Stored data entries:
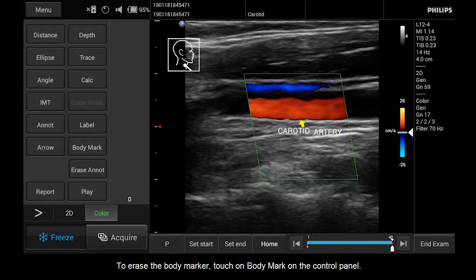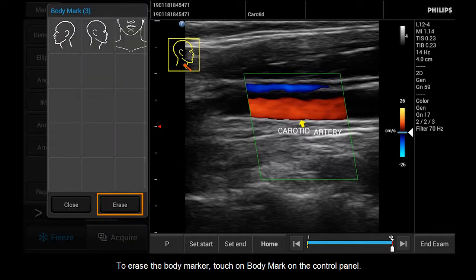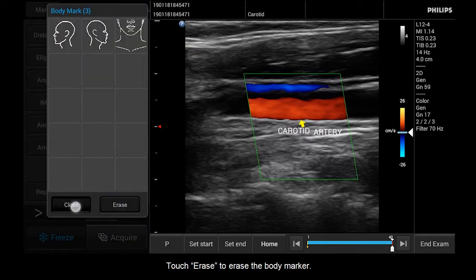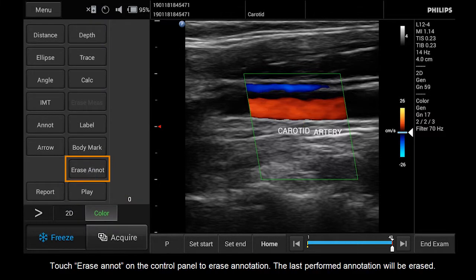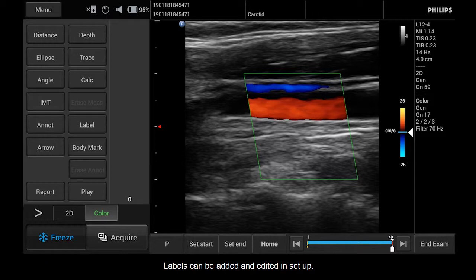To erase the body marker, touch Body Mark on the control panel, then touch Erase to erase the body marker. Touch Erase ANNOT on the control panel to erase an annotation. The last performed annotation will be erased. Labels can be added and edited in Setup.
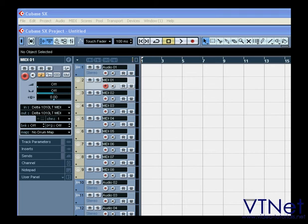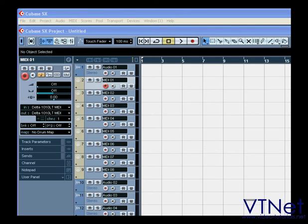It's also a good idea to defragment your hard drive from time to time. This is going to help your computer's overall performance. And finally, it's a good idea to back up your project regularly on an external hard drive.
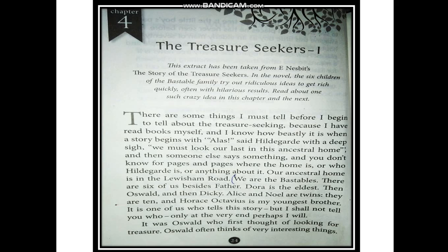The author is saying that if a story starts like that — with a character called Hildegard who is very sad, saying this is the last time we are looking at our ancestral home — and then someone else says something, and you don't know for pages and pages where the home is or who Hildegard is, that story would be very boring. But this story is quite different and it's very interesting.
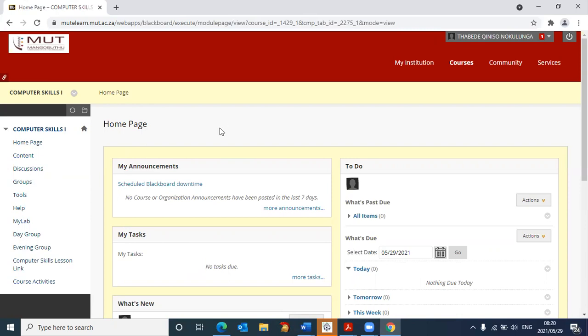In the next video, I will explain to you how to use the Pearson system. I hope this video helps you logging into Blackboard. Till the next video. Thank you. Bye.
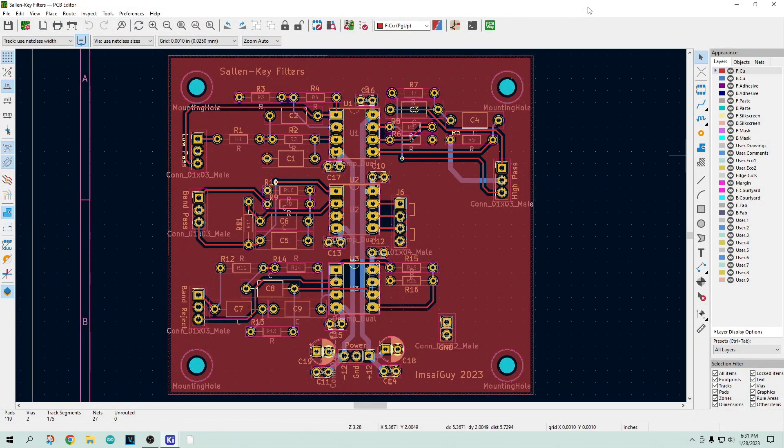In the first video we looked at PC boards, in the second video we took a look at the Gerber files, and now we'll take a look at the program that generates the Gerber files. This is the layout program, but think of it as the program that generates the Gerber files.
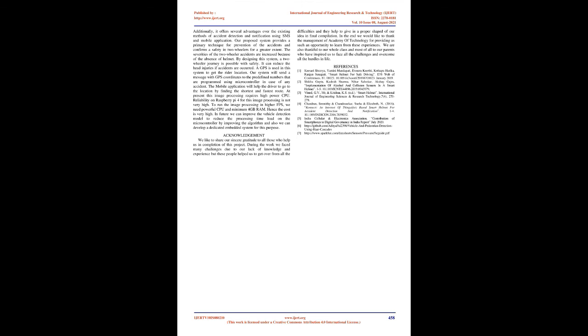Acknowledgement: We are also thankful to our whole class and most of all to our parents who have inspired us to face all the challenges and overcome all the hurdles in life to success.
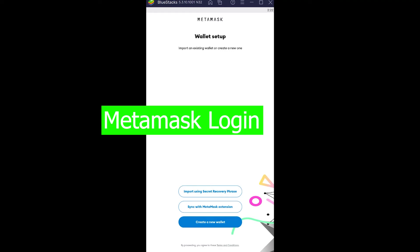Good morning and good afternoon to everybody watching. It's me Vichy Kevin and you're watching the How To Guide YouTube channel. In this video I'm going to be showing you guys how you can log in into a MetaMask account, but before I log in let me first explain what MetaMask is.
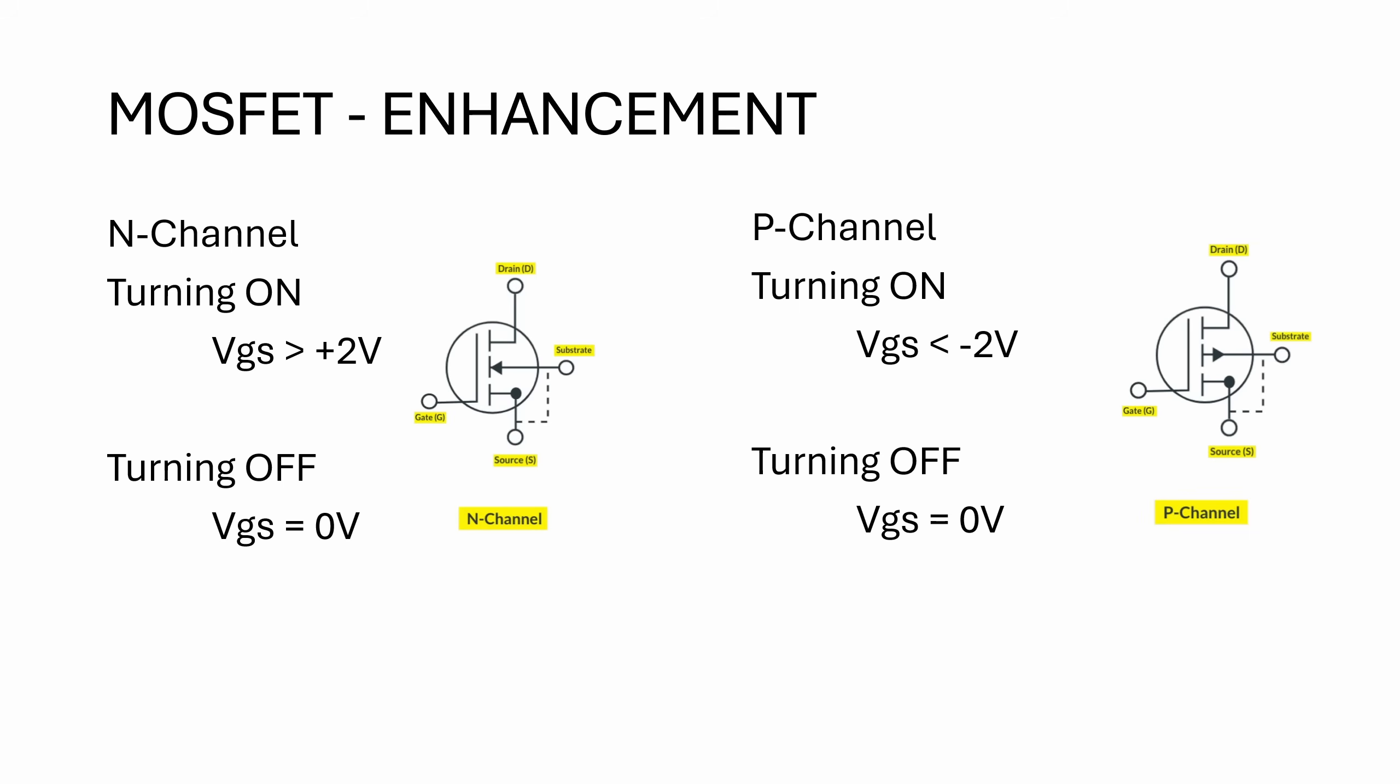Next, we're going to look at enhancement mode MOSFETs. The first one is the N-channel, which is the most common type you'll probably come across. Unlike the depletion type, it has no channel to begin with. So when VGS is zero, the MOSFET is completely off. There's no current flowing from source to drain. When you apply a positive voltage, typically above two volts, the N-channel MOSFET will start conducting. Obviously to switch it back off again, you got to take the gate voltage back down to zero.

__Problem description__
Omit the pictures, and please restate word for word the lines running from the line with "In the next" to the end of the entries.

__Solved problem__
In the next video, I will explain to you how to use the Pearson system. I hope this video helps you logging into Blackboard. Till the next video. Thank you. Bye.
In the first video we looked at PC boards, in the second video we took a look at the Gerber files, and now we'll take a look at the program that generates the Gerber files. This is the layout program, but think of it as the program that generates the Gerber files.
Acknowledgement: We are also thankful to our whole class and most of all to our parents who have inspired us to face all the challenges and overcome all the hurdles in life to success.
Good morning and good afternoon to everybody watching. It's me Vichy Kevin and you're watching the How To Guide YouTube channel. In this video I'm going to be showing you guys how you can log in into a MetaMask account, but before I log in let me first explain what MetaMask is.
Next, we're going to look at enhancement mode MOSFETs. The first one is the N-channel, which is the most common type you'll probably come across. Unlike the depletion type, it has no channel to begin with. So when VGS is zero, the MOSFET is completely off. There's no current flowing from source to drain. When you apply a positive voltage, typically above two volts, the N-channel MOSFET will start conducting. Obviously to switch it back off again, you got to take the gate voltage back down to zero.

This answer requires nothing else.